Edit: because I don't want to reply to three things with the same comment - what are you using for dependencies where a) you require frequent updates and b) those updates are really hard?

Like for example, I've avoided updating node dependencies that have "vulnerabilities" because I know the vuln doesn't affect me. Rarely do I need to update to support new features because the dependency I pick has the features I need when I choose to use it (and if it only supports partial usage, you write it yourself!). If I see that a dependency frequently has bugs or breakages across updates then I stop using it, or freeze my usage of it.

> sort of a "delayed" mode to updating my own dependencies.
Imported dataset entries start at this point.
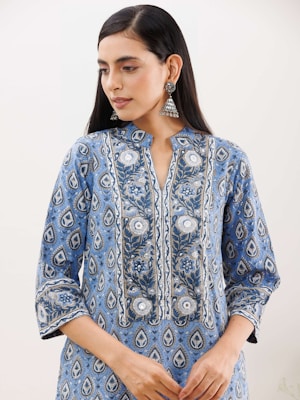 A person with long dark hair is wearing a blue patterned kurta with intricate floral designs. The attire features silver and white motifs, and the person accessorizes with large, ornate silver earrings. The background is simple and neutral, drawing focus to the clothing and jewelry.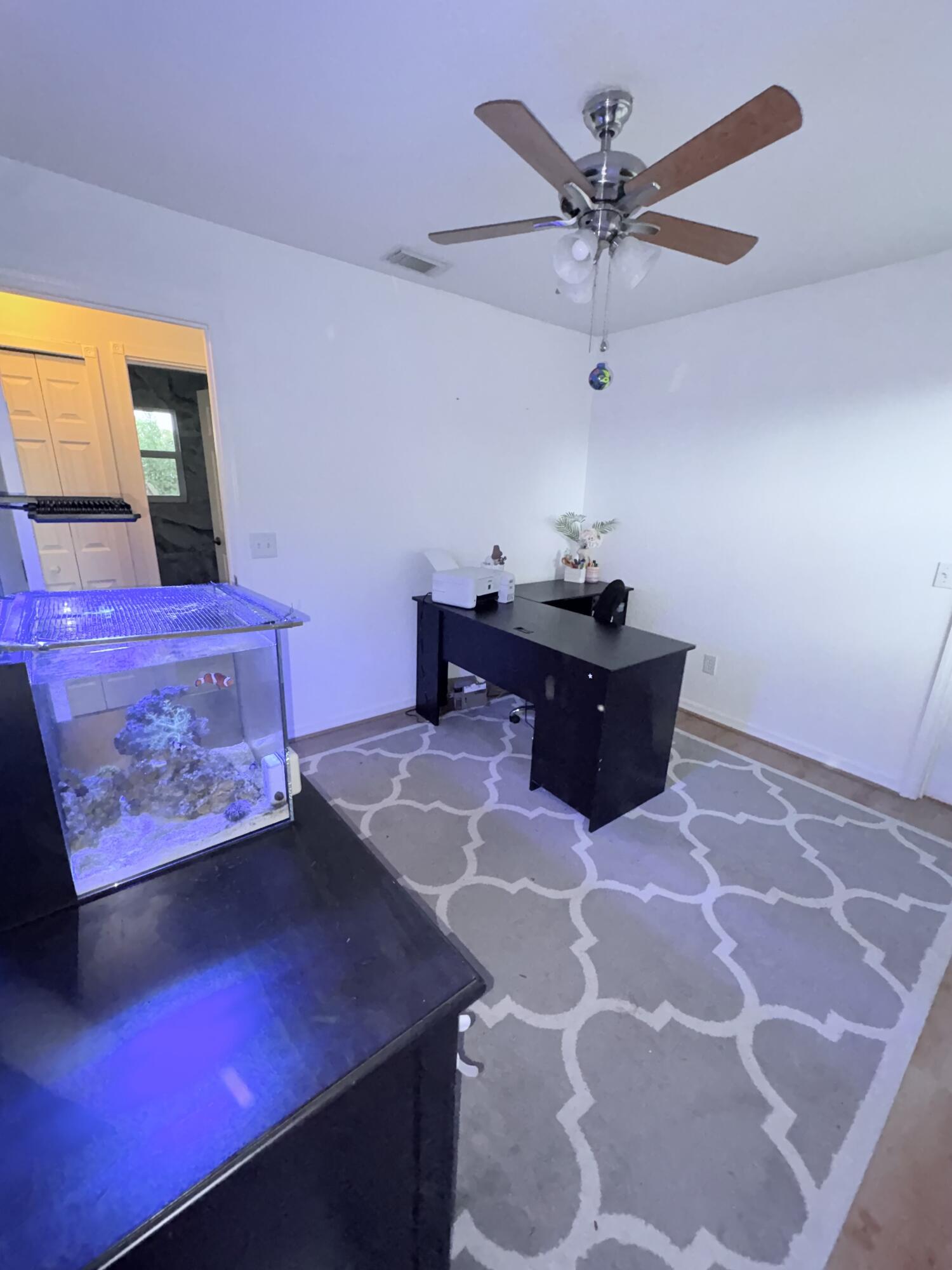 462 Southeast Cork Road Port St. Lucie, FL 34984 - Photo 51 of 57 a living room with furniture and wooden floor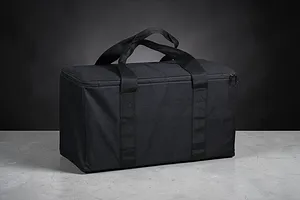 A black rectangular RC storage bag with carry handles, sitting on a grey concrete surface against a dark background.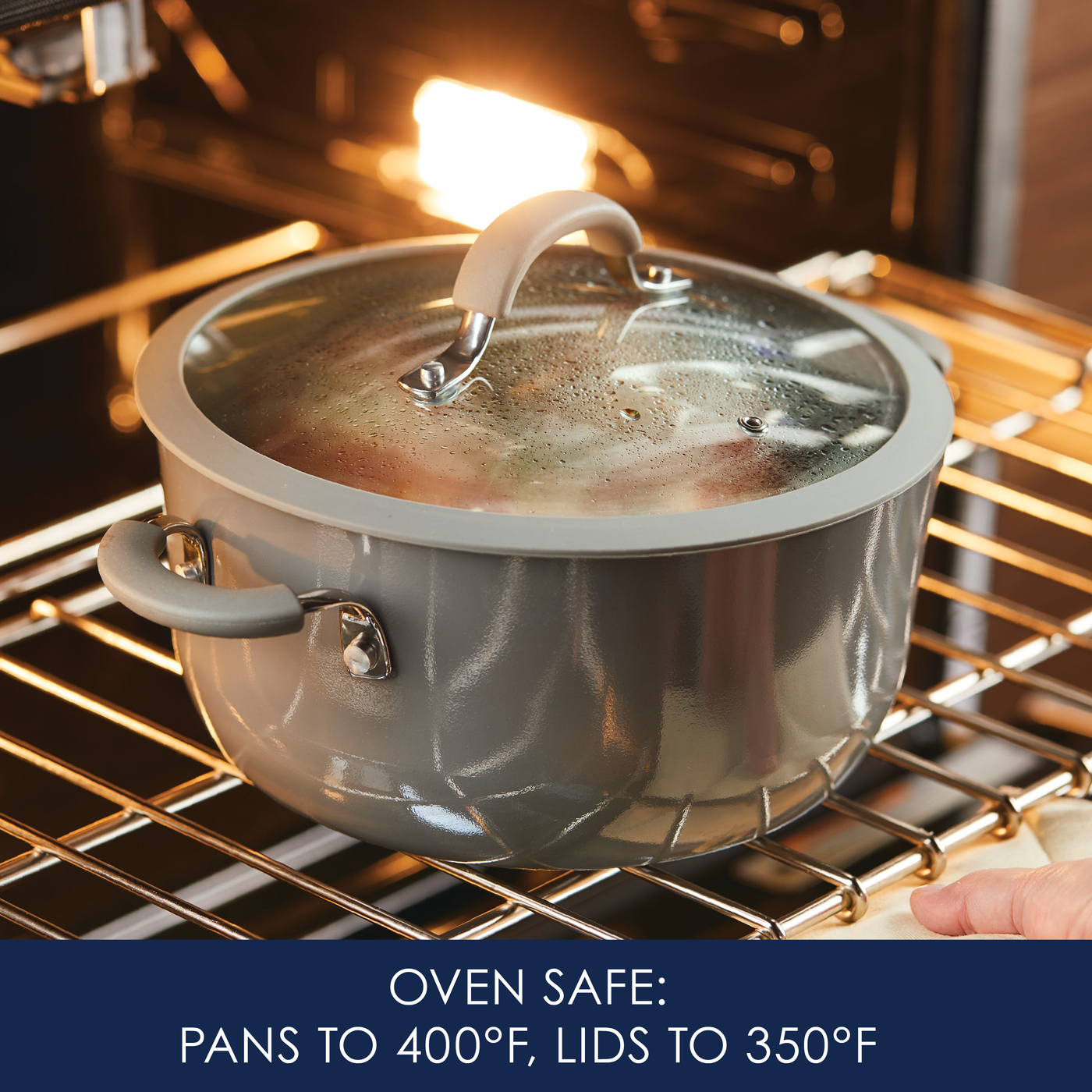 5-Quart Cook + Create Nonstick Dutch Oven with Lid in gray, placed in the oven. Text reads: "Oven safe: Pans up to 400°F, lids up to 350°F." Ideal for stove-to-oven recipes.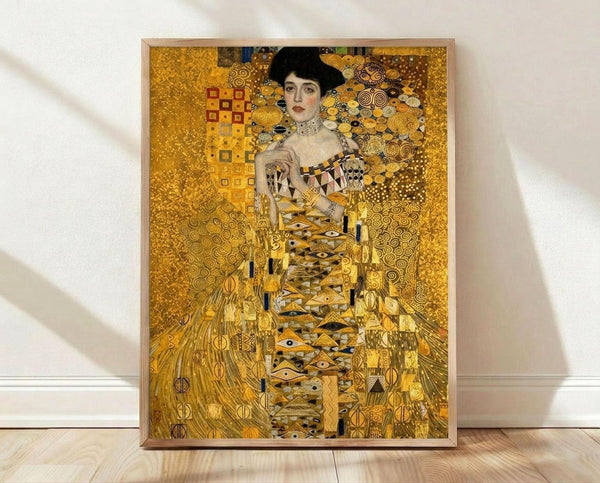 May include: Framed reproduction of Gustav Klimt's golden portrait painting showing an elegant woman in an ornate gold dress with geometric patterns and swirling designs, displayed in a light wooden frame against white walls on wooden flooring with natural sunlight streaming across the scene.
The idea is that when I want to update my dependencies, instead of updating to the absolute latest version available of everything, it updates to versions that were released no more than some configurable amount of time ago.

For Python's uv, you can do something like:

> uv lock --exclude-newer $(date --iso -d "2 days ago")

You can switch to the mentioned "delayed" mode if you're using pnpm. A few days ago, pnpm 10.16 introduced a minimumReleaseAge setting that delays the installation of newly released dependencies by a configurable amount of time.

https://pnpm.io/blog/releases/10.16

pnpm just added this: https://pnpm.io/blog/releases/10.16

Not you. But one would expect major cybersecurity vendors such as Crowdstrike to screen their dependencies, yet they are all over the affected list.

pnpm just added minimum age for dependencies https://pnpm.io/blog/releases/10.16#new-setting-for-delayed-...

I think it definitely couldn’t hurt. You’re right it doesn’t eliminate the threat of supply chain attacks, but it would certainly reduce them and wouldn’t require much effort to implement (either manually or via script). You’re basically giving maintainers and researchers time to identify new malware and patch or unrelease them before you’re exposed. Just make sure you still take security patches.

Use less dependencies :)

And larger dependencies that can be trusted in larger blocks. I'll bet half of a given projects dependencies are there to "gain experience with" or be able to name drop that you've used them.

Less is More.

We used to believe that. And then W3C happened.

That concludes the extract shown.